Jewish Women Launching All-Female Ambulance Service
In what might be a unique move in the country, if not the world, religious Jewish women in Borough Park are starting a women-only ambulance service with a special focus on delivering babies.
Women Should Have the Option
It all began last fall when Rachel Freier requested that women be allowed to serve as Emergency Medical Technicians alongside EMTs of the male persuasion in the already well-established Hatzolah ambulance service. Hatzolah is the city’s largest volunteer ambulance service, with an all-male corps of 1,300 who answer upwards of 50,000 calls each year.
“If women are having an emergency, they should have the option of calling a woman” Freier said.
Hatzolah Says No
Unfortunately for the women Hatzolah did not see the benefits outweighing the disadvantages, and turned them down. The Hatzolah EMTs felt that having men and women working side by side might lead to improper male-female relationships, a violation of Jewish law. Another consideration was whether or not giving patients who are experiencing an emergency situation a choice of a man or a woman EMT would slow down their response time. At the moment Hatzolah’s average time to arrive at an emergency is three minutes, a significant improvement on the average time the FDNY EMS usually arrives, which was 8 minutes in 2011.

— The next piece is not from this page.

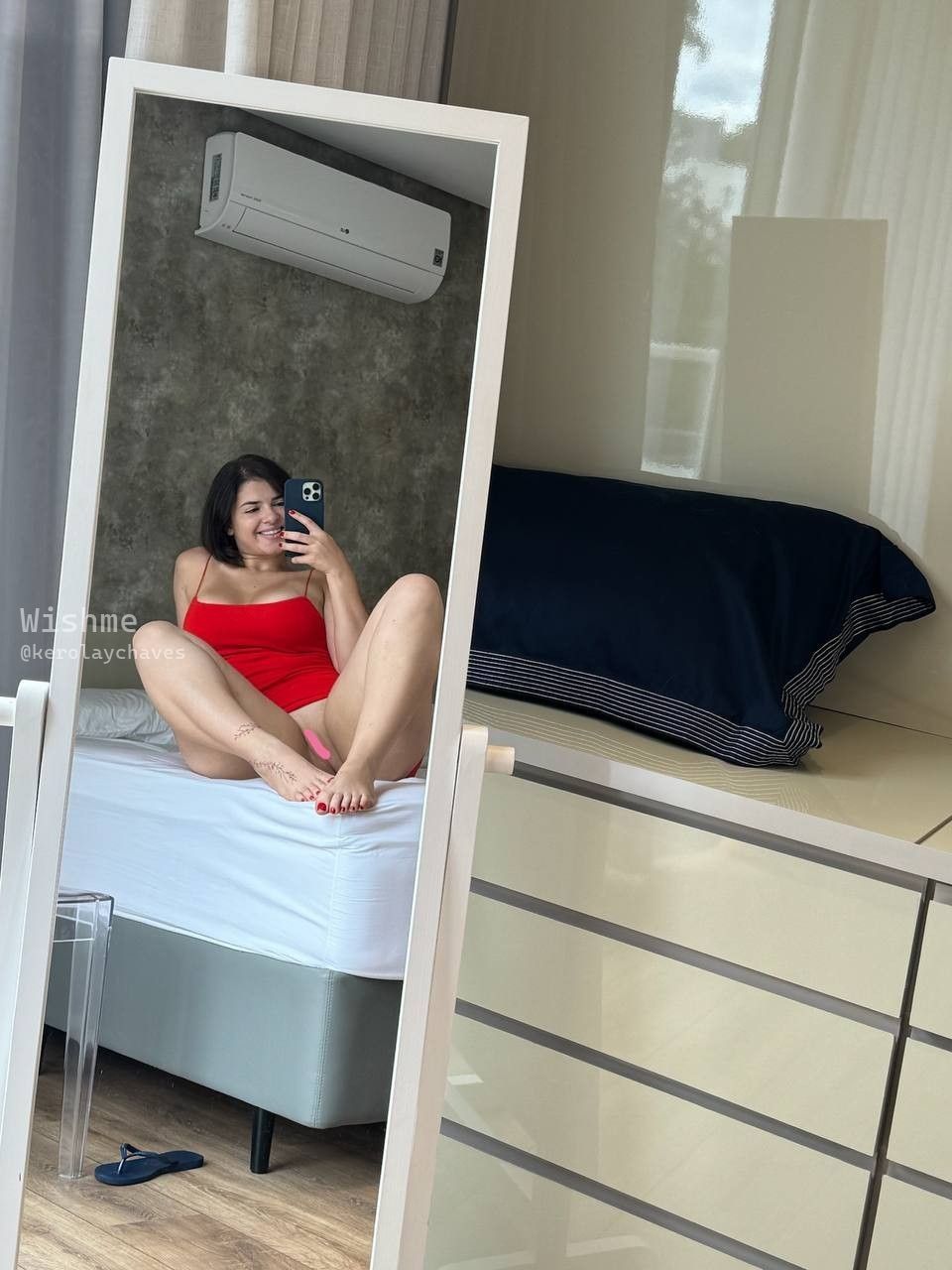 Imagem 1 de 2 - Bom sábado para você 🙈
Amo vestidinho e vermelho pq está perto do Natal 🙈}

Nevertheless, Hatzolah is not against the women starting their own ambulance service.
“I wish them good luck” said Hatzolah president Heshy Jacob.
Women More Comfortable with Other Women
The women feel strongly about developing their all-women ambulance service, believing it serves a real need in their community and beyond. Women often feel uncomfortable encountering male neighbors and friends, men who they see in synagogue or in stores, when they are either giving birth or having some other medical emergency.
“I know women who are traumatized after delivering in front of so many men. That’s why I am here” said a Williamsburg woman who is interested in joining the new ambulance service.
The service will be called “Ezras Nashim” which means ‘assistance for women’ in Hebrew. (The name is also a bit of a ‘play on words”™ since the women’s section of the synagogue is also called ‘ezras nashim.’)
Not a New Idea
Last Sunday was the first recruitment meeting for Ezras Nashim, held in Freier’s Borough Park residence. Freier, who is 46 years old and a lawyer said that the meeting was a great success with 50 women from all over Brooklyn signing up to train to become EMTs and/or birthing assistants.
“This is not a new idea” said new Ezras member Hadassah Strauss, 26. “Women have been delivering babies for thousands of years.”
New recruits will need to pay for their own training, which will cost about $1,000 per person. Other expenses will be covered by donations. Freier is also negotiating with a private ambulance company to be the vehicles for Ezras Nashim, saving them the time and cost of becoming certified by the state for emergency medical transportation services.
Ezras Nashim can expect a lot of business once it is up and running. According to US Census statistics Borough Park and Flatbush have the city’s highest concentration of births and babies, the majority of those being born to Jewish women.